Thanks for your help as always,
Bill

Hi Bill,
Your definition of dutycycle differs from mine but I think I understand what you want.
The period (on-time + off-time) of the signal is 18-200ms and the on-time is 500-1000us. You want to measure the dutycycle, ie the ratio between on-time and period.

If the period is 125ms and the on-time is 565us the dutycycle is 4.52%.
If the period is 45ms and the on-time is 795us the dutycycle is 17.66%.

Is this the number you're after?

Let's see if we can make this easy....
The longest time you want to measure is 200ms. Using a 16bit timer with a 4us "tick" you'll measure up to 262ms with 4us resolution without having to worry about overflows. Then the overflow can be used to signal invalid mesasurment (motor not running).

Are we on the right track?

/Henrik.

795us over 45ms is 1.76%, not 17.6% as I wrote earlier.

Anyway, here's a piece of code that may do what you want. It uses TMR1 and CCP1 to measure the input signal, calculates the dutycycle and displays it with .1% resolution. It compiles for a 16F88 but I have not tested it.

' Program expects 4MHz oscillator.
' CCP1 inputpin is either RB0 or RB3 depending on the CCPMX bit in CONFIG.
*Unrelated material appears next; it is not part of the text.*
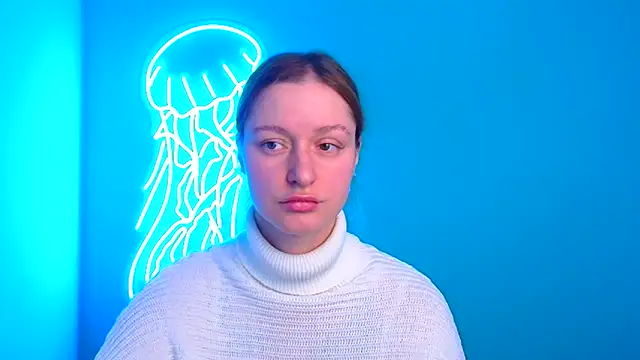 Snapshot of Fantasy_July chatting on 12/03/24, 09:44 Fantasy July online show from 12/03/24, 09:44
CapRise CON %00000101 ' Value to configure CCP1 for capturing every rising edge
CapFall CON %00000100 ' Value to configure CCP1 for capturing every falling edge

CCP1IF VAR PIR1.2 ' Alias to CCP1 Interrupt flag

Period VAR WORD
Width VAR WORD
Duty VAR WORD
Dummy VAR WORD

T1 VAR WORD
T2 VAR WORD
T3 VAR WORD

T1CON = %00100001 ' TMR1 clock from FOsc/4, Prescaler 1:4

Main:
' Capture the the time where the pulse starts
CCP1CON = CapRise
CCP1IF = 0
WHILE !CCP1IF : WEND
T1.HIGHBYTE = CCPR1H : T1.LOWBYTE = CCPR1L

' Capture the time where the pulse ends
CCP1CON = CapFall
CCP1IF = 0
WHILE !CCP1IF : WEND
T2.HIGHBYTE = CCPR1H : T2.LOWBYTE = CCPR1L

' Capture the time where the period ends (which is when the next pulse starts)
CCP1CON = CapRise
CCP1IF = 0
WHILE !CCP1IF : WEND
T3.HIGHBYTE = CCPR1H : T3.LOWBYTE = CCPR1L


Width = T2 - T1
Period = T3 - T1
Dummy = Width * 1000
Duty = DIV32 Period

' Duty is now in units of .1% (111 = 11.1%)

LCDOUT $FE, 1, "W:", DEC Width, " P:", DEC Period
LCDOUT $FE, $C0, "Duty:", DEC Duty/10, ".", DEC Duty//10, "%"

Goto Main

/Henrik.

I’m not sure how much this will change things but shouldn’t maximum period expected be 20 ms not 200 ms?
And if it is so, should the timer setup be changed or it will still work?

Nick

Hmm, if maximum period is 20ms then the timer would need to be reconfigured but Bill said: variable frequency (5-55hz = 600-6600rpm). At 5Hz the period is 200ms, at 55Hz the period is 18ms. So the the timer must be able to measure at least 200ms. Or am I doing a stupid mistake somewhere?

/Henrik.

No Henrik, as usual I'm wrong.
Sorry for false alarm.

Nick

Hi Henrik,

Thanks for your help and code sample, I'll use this as a guide for other timing tasks if it doesn't work for this particular role.

I understand the ratio calcs for Duty Cycle and have done this a few times before, but with gasoline injectors where their on time is proportional i.e. let's say max rpm limits maximum duty cycle to 20ms. In such circumstances DC is easy - 10ms = 50%, 20 = 100%, etc.

But with modern diesel common-rail injectors (extremely high fuel pressure so inj open times are in microseconds) the ratio between on-times and period blows out so much to be unusable in normal math for DC. It doesn't need to be exact but does need to be reliable and repeatable as DC will form an axis in a lookup table to control vnt turbo characteristics and boost curve via a PWM solenoid valve. I will start a different thread soon and request suggestions on how to do 3D mapping.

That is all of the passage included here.